L’esperienza del trauma è legata a quella dell’ineffabilità. Trovare le parole per dire l’indicibile, le immagini per esprimere l’indescrivibile, il modo per rendere palpabile quanto sfugge costantemente ad ogni sforzo di comprensione razionale e ferisce anima e corpo, é un compito incommensurabile.
Sarah Fattahi riesce a compiere in Chaos, presentato nella sezione Cineasti del presente al festival di Locarno, questo gesto intenso e profondo ascoltando pianti senza lacrime, osservando sguardi velati di sconforto, mani torturate dai ricordi, corpi piegati dal peso del vissuto.
La regista mette in scena tre donne siriane prigioniere dello spazio. Gli appartamenti in cui vivono due di esse, a Damasco e in Svezia, e le strade di Vienna, in cui erra la terza protagonista del film – Sarah Fattahi stessa – non sono altro che delle proiezioni tangibili della loro prigione interiore. Questi tre luoghi sono tre volti di un unico dolore. Il montaggio glissa continuamente dall’uno all’altro senza soluzione di continuità. In questo costante andirivieni le tre donne, pur fisicamente lontane, sembrano darsi la mano, prese in una danza macabra senza fine.

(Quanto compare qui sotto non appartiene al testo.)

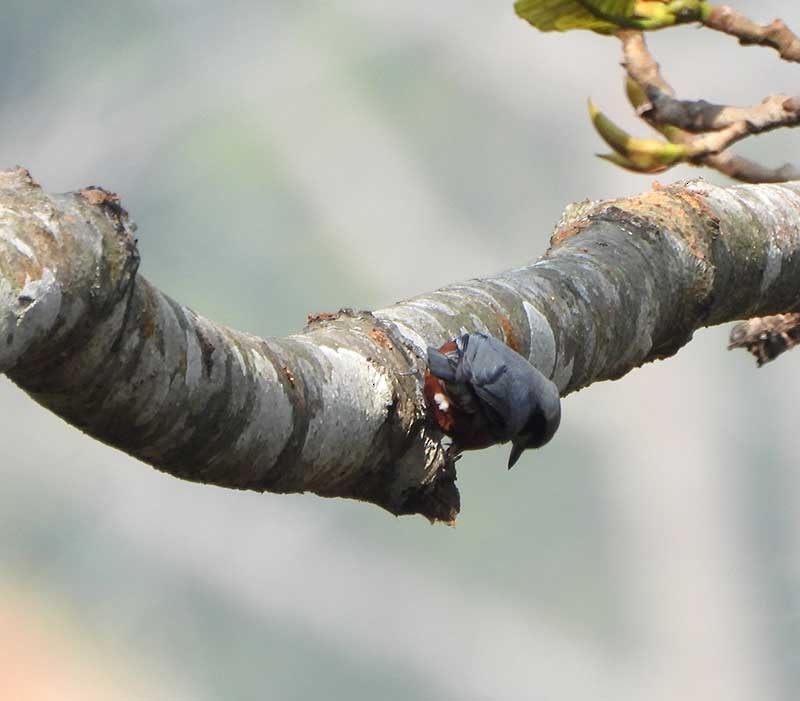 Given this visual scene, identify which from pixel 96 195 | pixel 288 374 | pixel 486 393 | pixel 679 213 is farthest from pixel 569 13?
pixel 96 195

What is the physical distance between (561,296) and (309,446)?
53 cm

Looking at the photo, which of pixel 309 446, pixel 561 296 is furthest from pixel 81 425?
pixel 561 296

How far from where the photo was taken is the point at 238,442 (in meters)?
1.29

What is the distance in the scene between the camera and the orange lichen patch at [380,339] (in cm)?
152

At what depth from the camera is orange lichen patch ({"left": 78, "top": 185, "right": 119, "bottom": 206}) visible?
112 centimetres

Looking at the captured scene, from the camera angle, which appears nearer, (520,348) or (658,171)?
(520,348)

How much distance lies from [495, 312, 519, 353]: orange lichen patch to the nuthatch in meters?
0.08

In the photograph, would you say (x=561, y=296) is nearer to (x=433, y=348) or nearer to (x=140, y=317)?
(x=433, y=348)

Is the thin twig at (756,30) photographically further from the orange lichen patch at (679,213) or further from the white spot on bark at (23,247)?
the white spot on bark at (23,247)

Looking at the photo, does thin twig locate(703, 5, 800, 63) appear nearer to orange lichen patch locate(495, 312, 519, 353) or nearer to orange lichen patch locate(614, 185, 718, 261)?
orange lichen patch locate(614, 185, 718, 261)

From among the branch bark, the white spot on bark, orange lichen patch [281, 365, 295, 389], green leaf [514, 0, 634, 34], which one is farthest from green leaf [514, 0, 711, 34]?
the white spot on bark

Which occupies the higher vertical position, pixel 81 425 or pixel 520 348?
pixel 520 348

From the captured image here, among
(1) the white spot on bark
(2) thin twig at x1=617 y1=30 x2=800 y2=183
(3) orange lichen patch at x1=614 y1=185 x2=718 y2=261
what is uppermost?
(2) thin twig at x1=617 y1=30 x2=800 y2=183

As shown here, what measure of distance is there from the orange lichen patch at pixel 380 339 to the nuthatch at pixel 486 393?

Il film inizia con una ripresa effettuata nell’entrata del Kunsthistorisches Museum a Vienna: una donna alta, bionda, con un lungo cappotto scuro entra nell’edificio e si guarda intorno.
La seconda sequenza del film ci mostra la scala di un edificio bagnata da una luce fredda e bluastra. Segue un close-up sulle dita di una donna appoggiate al vetro di una finestra, s’intravvede il suo profilo. Fuori piove. La donna inizia a raccontare la sua storia guardando dritto nella cinepresa. Sullo sfondo si stagliano gli alberi di una foresta in Svezia. Poco a poco sulle immagini del bosco s’imprimono quelle del corpo della donna nell’acqua di un lago. Un taglio netto ci trasporta in un interno scuro e buio. Una tenda nera si apre: una terza donna, coperta da un lungo abito mussulmano, tocca un’enorme vetrata e guarda verso l’esterno. La città, Damasco, secca e rossastra, si estende a vista d’occhio nella luce abbagliante del sole.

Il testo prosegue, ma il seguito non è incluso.